Omit all pictures and transcribe only the lines in the entries below that run from the line with "how to fold in candy into cookie dough" through the line with "Armoire Damla Floating Tv Stand - Dark Brown".

BEGIN INFORMATION GIVEN

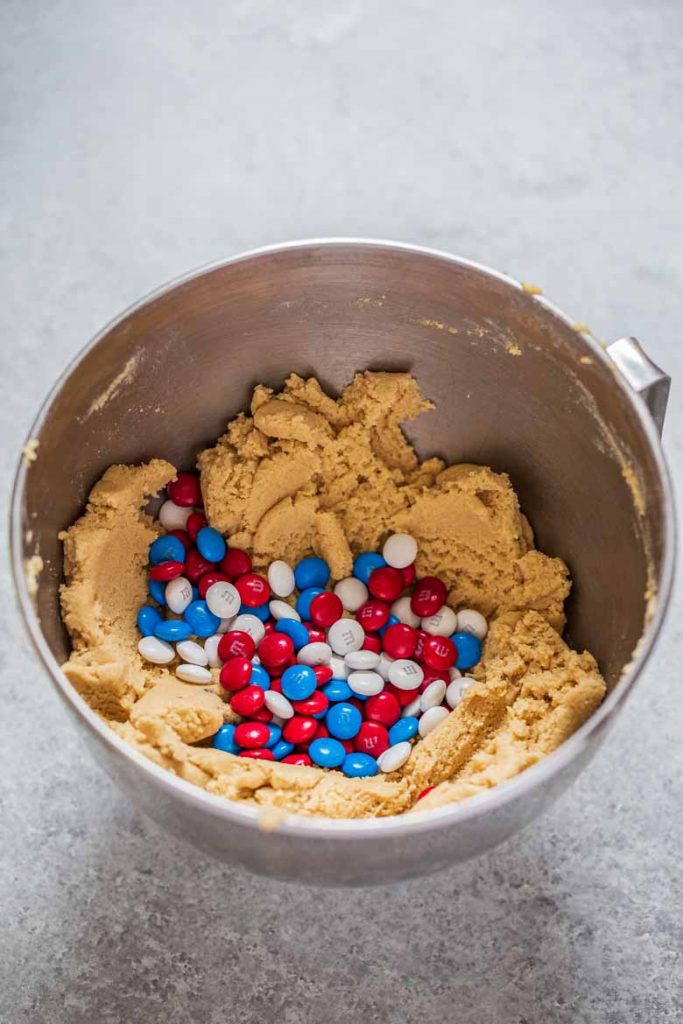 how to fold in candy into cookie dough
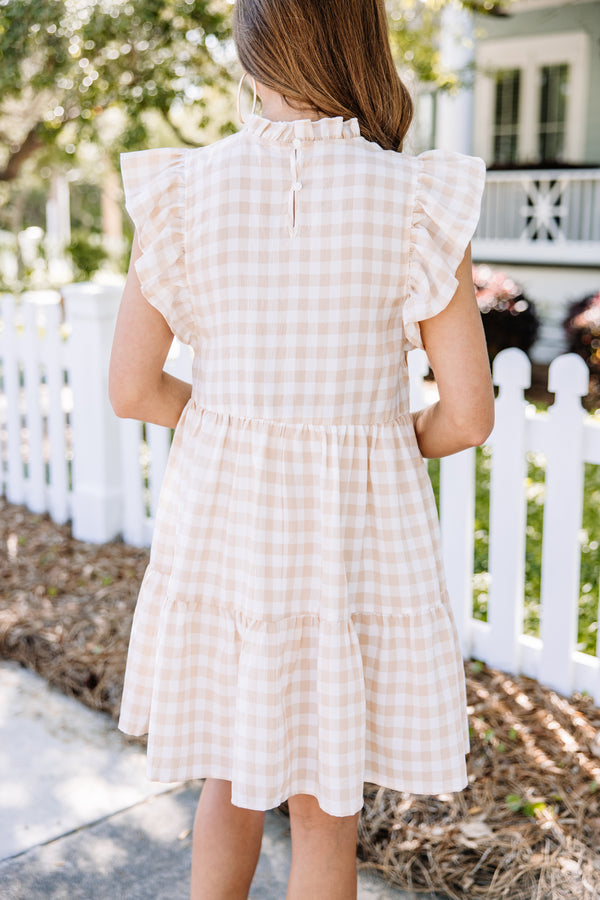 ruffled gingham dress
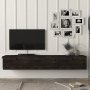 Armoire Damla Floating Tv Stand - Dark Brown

END INFORMATION GIVEN
BEGIN INFORMATION GIVEN

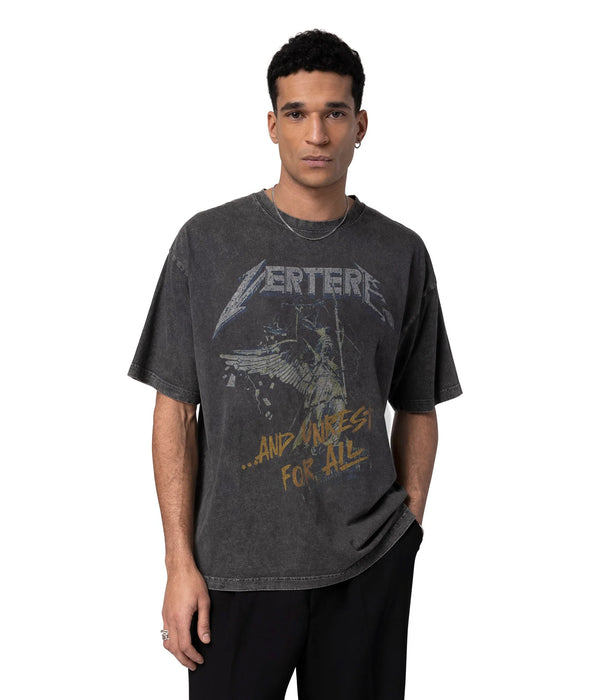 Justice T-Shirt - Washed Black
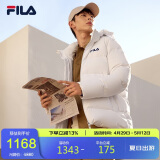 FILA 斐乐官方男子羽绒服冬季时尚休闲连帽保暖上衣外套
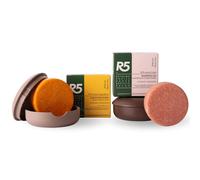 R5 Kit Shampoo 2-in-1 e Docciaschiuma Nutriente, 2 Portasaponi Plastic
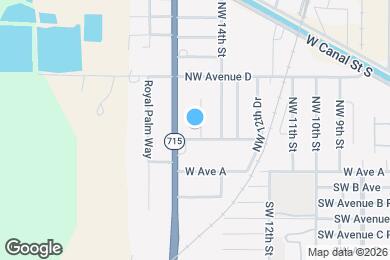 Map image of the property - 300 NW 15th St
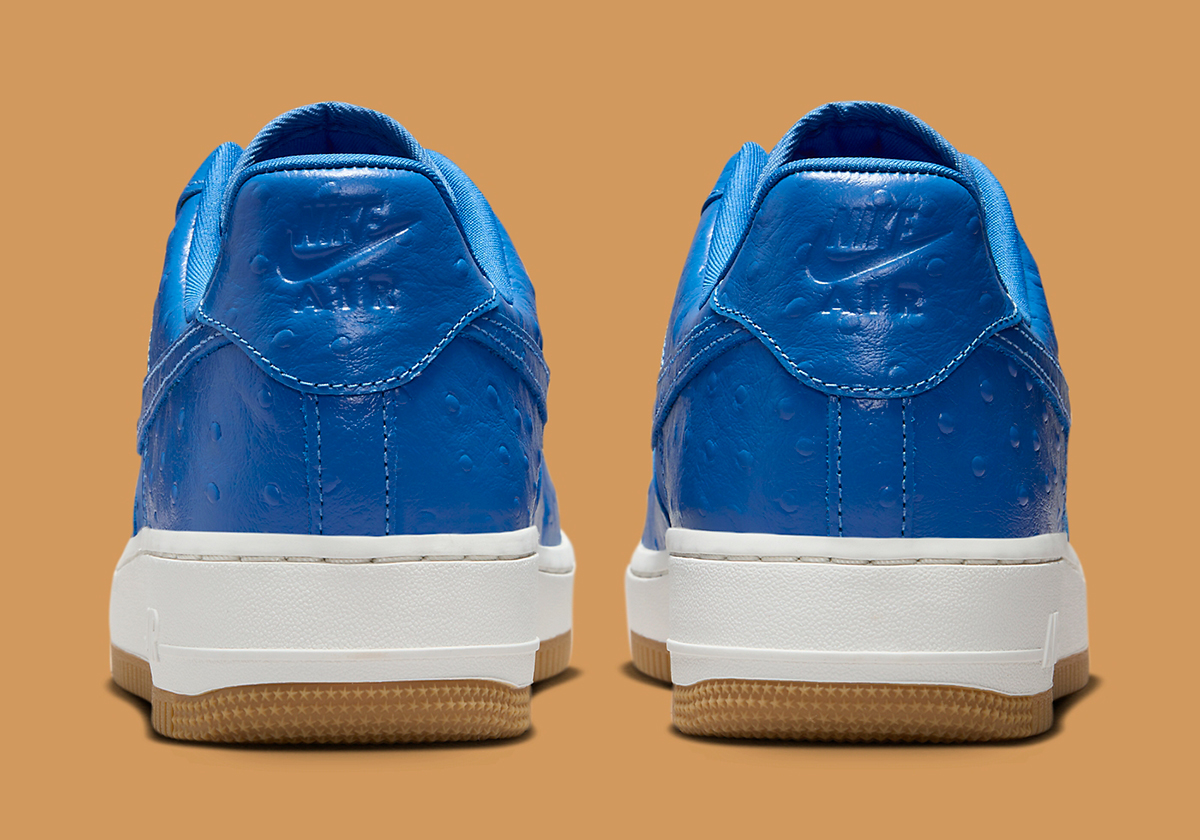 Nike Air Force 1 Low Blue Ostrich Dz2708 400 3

END INFORMATION GIVEN
BEGIN INFORMATION GIVEN

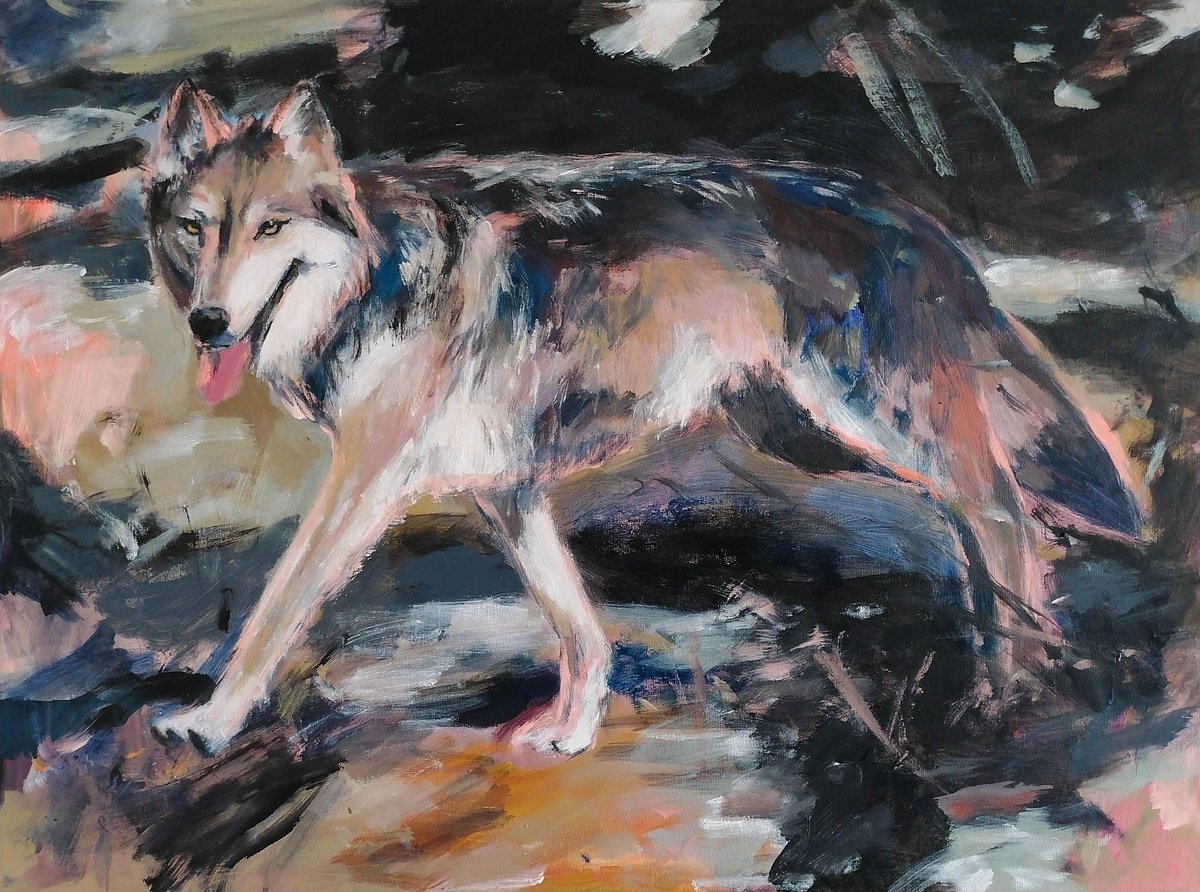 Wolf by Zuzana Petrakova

END INFORMATION GIVEN

**ANSWER BOX**
 how to fold in candy into cookie dough
 ruffled gingham dress
 Armoire Damla Floating Tv Stand - Dark Brown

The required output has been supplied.